5 - Referências bibliográficas

  •  Assis, Machado de. Dom Casmurro - São Paulo: Abril Cultural, 1981 (Grandes Sucessos)
  • Azevedo, Aluísio. O Cortiço - São Paulo: Abril Cultural, 1981 (Grandes Sucessos)
  • Bakhtin, Mikhail. Marxismo e Filosofia da Linguagem - São Paulo: Hucitec, 1986, terceira ed.
  • Caniello, Márcio. "O ethos sanjoanense: tradição e mudança em uma ‘cidade pequena’" in Mana: estudos de Antropologia Social - Rio de Janeiro - PPGAS - Museu Nacional - UFRJ. 2003, v.9, número 1.
  • Cupolillo, Amparo Villa e Santo, Wecisley Ribeiro do Espírito. "Teoria e prática pedagógica em educação física: um estudo sob a perspectiva da pesquisa participante" in Revista Universidade Rural, série Ciências Humanas - Seropédica, RJ, EDUR, v.25, suplemento, 2003.

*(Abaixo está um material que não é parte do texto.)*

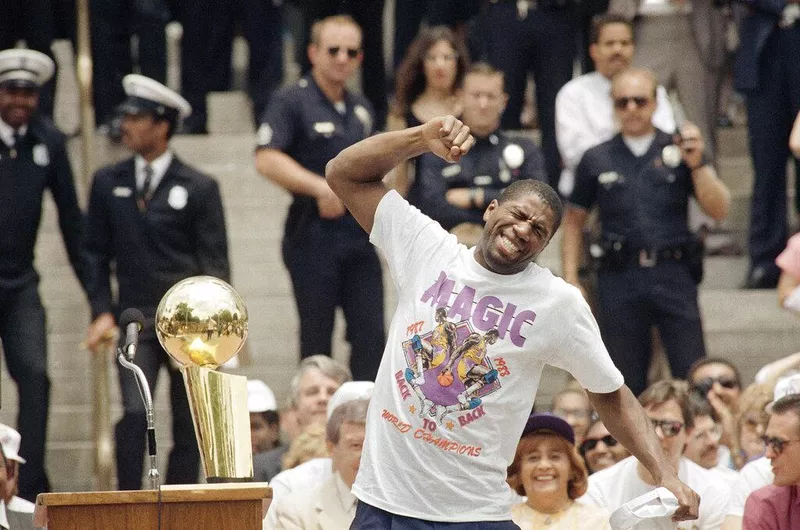 Magic Johnson in 1988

  • Daolio, Jocimar. Educação física e o conceito de cultura - Campinas, São Paulo: Autores Associados, 2004 (Coleção Polêmicas do nosso tempo).
  • Elias, Norbert e SOTSON, John L. Os Estabelecidos e os Outsiders: sociologia das relações de poder a partir de uma pequena comunidade. Tradução: Vera Ribeiro - Rio de Janeiro: Jorge Zahar Ed.,2000.
  • Geertz, Clifford. Nova Luz sobre a antropologia. Tradução: Vera Ribeiro - Rio de Janeiro: Jorge Zahar Ed.,2001.
  • Ginzburg, Carlo. A micro história e outros escritos - Baltimore, 1983.
  • Medina, João Paulo S. O brasileiro e seu corpo: educação e política do corpo - Campinas, SP: PAPIRUS, 1994, quarta Edição.
  • Pina Cabral, João de. "Semelhança e verossimilhança: horizontes da narrativa etnográfica" in Mana: Estudos de antropologia social - Rio de Janeiro: PPGAS - Museu Nacional. UFRJ. 2003, vol.9, número 1.